(WHAT IS REQUIRED)
Please transcribe the entries that follow exactly as they stand, skipping each picture.

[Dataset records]
Start of Block

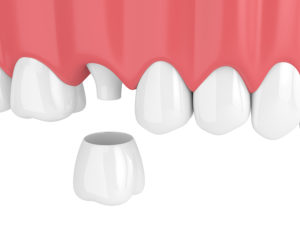 dental crowns Southlake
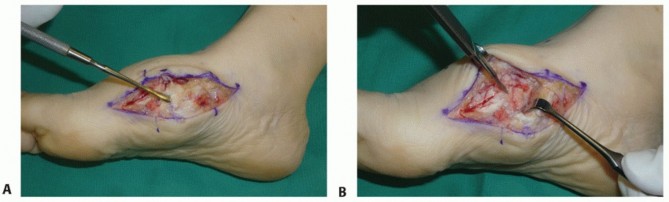 Illustration 42 for Mastering Midfoot Arthrodesis: Protect the Deep Neurovascular Bundle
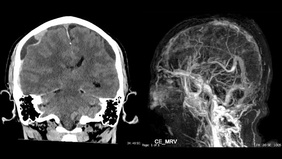 SSS thrombosis with CSDH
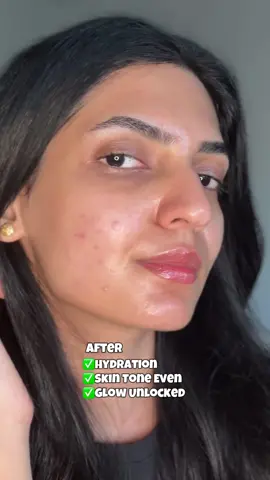 Best Korean Serum for Glowing Skin 🌟 7 days Glow up with Niacinamide  @KSECRET GLOBAL  Seoul 1988 Glow Serum Niacinamide 15% + Yuja — Concern Dull & Dry skin, pigmentation, Uneven texture, Trouble Skin  — Benefit  Anti-aging, Brightening, Improves Skin Tone, Hydration  — Skin Type  For all skin types, especially for dull & dry skin  #KSECRETGlowChallenge #KSECRET #seoul1988 #darkspots #koreanskincare 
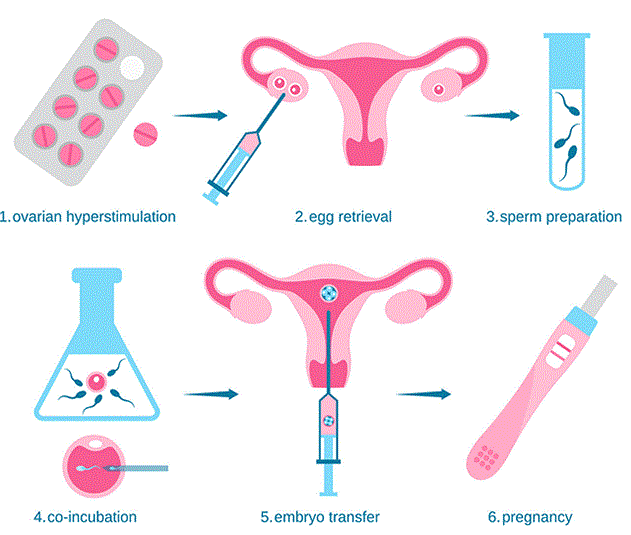 IVF Process Mumbai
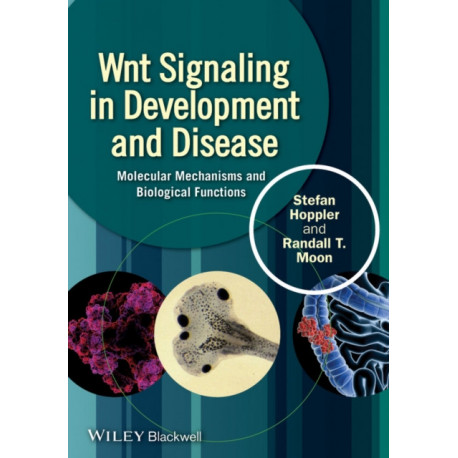 Wnt Signaling in Development and Disease: Molecular Mechanisms and Biological Functions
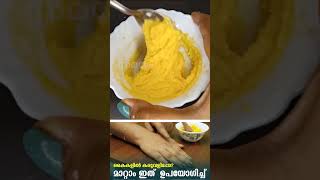 കൈകളിലെ കരുവാളിപ്പിന് പരിഹാരം | Simple Remedy To Treat Tanned Hands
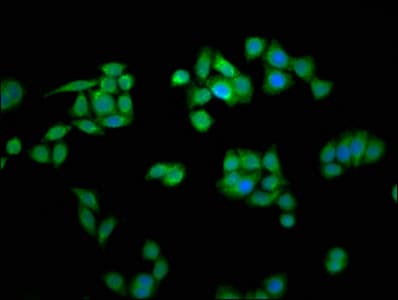 Polyclonal Rabbit anti-Human MCTS1 Antibody (aa1-181)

End of Block

(RESPONSE FOR THIS EXERCISE)
 dental crowns Southlake
 Illustration 42 for Mastering Midfoot Arthrodesis: Protect the Deep Neurovascular Bundle
 SSS thrombosis with CSDH
 Best Korean Serum for Glowing Skin 🌟 7 days Glow up with Niacinamide  @KSECRET GLOBAL  Seoul 1988 Glow Serum Niacinamide 15% + Yuja — Concern Dull & Dry skin, pigmentation, Uneven texture, Trouble Skin  — Benefit  Anti-aging, Brightening, Improves Skin Tone, Hydration  — Skin Type  For all skin types, especially for dull & dry skin  #KSECRETGlowChallenge #KSECRET #seoul1988 #darkspots #koreanskincare 
 IVF Process Mumbai
 Wnt Signaling in Development and Disease: Molecular Mechanisms and Biological Functions
 കൈകളിലെ കരുവാളിപ്പിന് പരിഹാരം | Simple Remedy To Treat Tanned Hands
 Polyclonal Rabbit anti-Human MCTS1 Antibody (aa1-181)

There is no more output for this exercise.